09:35 Thursday 13th January 2011 BBC Radio Cambridgeshire.
ANDY HARPER: Residents of the village of Shelford were up in arms after it was revealed on this programme that Tesco plan to open in the village. Many thought it would decimate the small independent shops there, which do so well. Yesterday four planning applications to convert the former Eden Lilly store were refused by South Cambridgeshire District Council. Charlie Nightingale is the local councillor, Chairman of the Council, and we speak to him very often. Today is no exception. Charlie, good morning to you.
CHARLES NIGHTINGALE: Good morning.
ANDY HARPER: So, I don’t think too much can be read into this, because it doesn’t mean, does it. there will be no Tesco in Shelford?
CHARLES NIGHTINGALE: No. I think this is just the starter for ten, if you know what I mean. We’ve got a long battle, I think. they’re going to appeal. The world has been taken over by people like Tesco and Sky television, if you know what I mean.
ANDY HARPER: I do.
CHARLES NIGHTINGALE: I think this is just round one.
ANDY HARPER: So just remind us of the applications that were turned down yesterday, and what significance they have.
CHARLES NIGHTINGALE: The first one was the fascias, the signs, which we refused 12-2. That was the first one. The second one was the ATM machine. That went to 14-1. Then we had one that was sort of refused, but deferred, if you know what I mean, because we needed a bit more information, but it was going to be refused, but officers recommended we deferred it to get a bit more meat on the bones, as it were. But I’m pretty confident that will get refused if it comes back next month. And then the shop front was refused.

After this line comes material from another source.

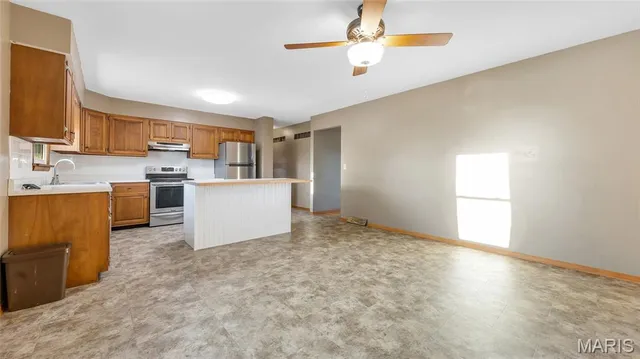 $819,999 | 762 Cave Farm Road, Troy, MO 63379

ANDY HARPER: So if you refuse them permission to have a shop front, and you refused them permission to have any signs, well you would almost assume that that would negate the whole point of having a shop there, but it won’t end here.
CHARLES NIGHTINGALE: When I say the signs are refused, there’s two small ones on either cheek of the side wall. they can have those. But it’s the main Tesco Express large letters in red and white which are erected on the front of the canopy if you understand what I mean. They stand up. They were the ones that we objected to.
ANDY HARPER: Right. Were these applications rejected because basically the feeling is you don’t want Tesco there?
CHARLES NIGHTINGALE: No no no. They were treated as any other application would be treated. But I think members were quite upset, because if you recall, back in July when this first was given permission for an extension on the back, had we known all the facts at that time we probably would have not allowed this extension, because they applied for an extension on the backs of the premises you see, which it would have helped by refusing that, because it wouldn’t have been big enough for Tescos. And the other thing is we would have considered the transport implications more, you see. We weren’t aware of all that at the time. So it was sort of a development through the back door.
ANDY HARPER: Now you as I said represent Shelford on the Council. What is the feeling among the people of the village and beyond really? Are you representing them when you and others say, look, we do not want Tesco here?
CHARLES NIGHTINGALE: Yes, I think so. Yes. Yes. I think it’s going to affect a lot of the smaller shops in the village. Yes that’s right.
ANDY HARPER: The point is Charlie that we’ve seen this before. We’ve seen it in Mill Road, further afield, we’ve seen it in Sheringham in Norfolk, who vehemently didn’t want Tesco, and they came back and they came back and they came back. So judging by your first comment, this is just the first skirmish .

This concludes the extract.